Halle wins in style and substance.



















Laura Harring poses in Stuart Weitzman's platinum shoes, with 464 Kwiat diamonds.














Applegate goes crystalline with Swarovski's "Jackie" clutch, and Jimmy Choo sandles.








Minnie Driver totes a Swarovski mesh clutch to the "Vanity Fair" party.








Go for it! Mira Sorvino wears Christina Perrin's satin gown with Lesage beading, with a crystal-encased Swarovski "Ophelia" bag.

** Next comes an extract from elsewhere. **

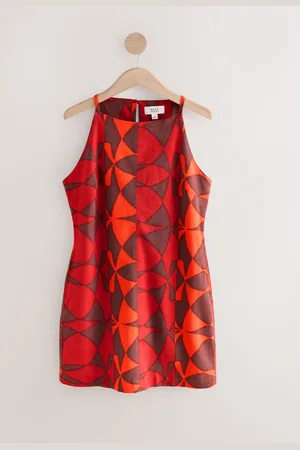 Next Mini Sleeveless Racer Stretch Linen Blend Dress AU 16 Petite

Oscars:  Plain and Simple 

While we usually enthuse about prints and color on the red carpet, those who looked best at the 74th annual Academy Awards stuck to solid colors, elegant cuts and just enough frippery to look fresh. Those who tried too hard—like Cameron Diaz and Jennifer Connelly—looked more like they were wearing poolside outfits than red carpet gowns. The fashion plates were unlikely choices: Kate Winslet, Renee Zellweger and Helen Mirren. And for once, the inconsistent Nicole Kidman came through in her best wavy hair and pink dress. No “Moulin Rouge” excess here.

And the winners are:

The Palm Beach Trophy goes to Halle Berry. Who’d have thought she’d win an Academy Award while wearing a palm tree on her chest? This Elie Saab design hugged her body perfectly and used Halle’s favorite chocolate/burgundy color. The embroidery on the front reminded us of a bathing suit, though.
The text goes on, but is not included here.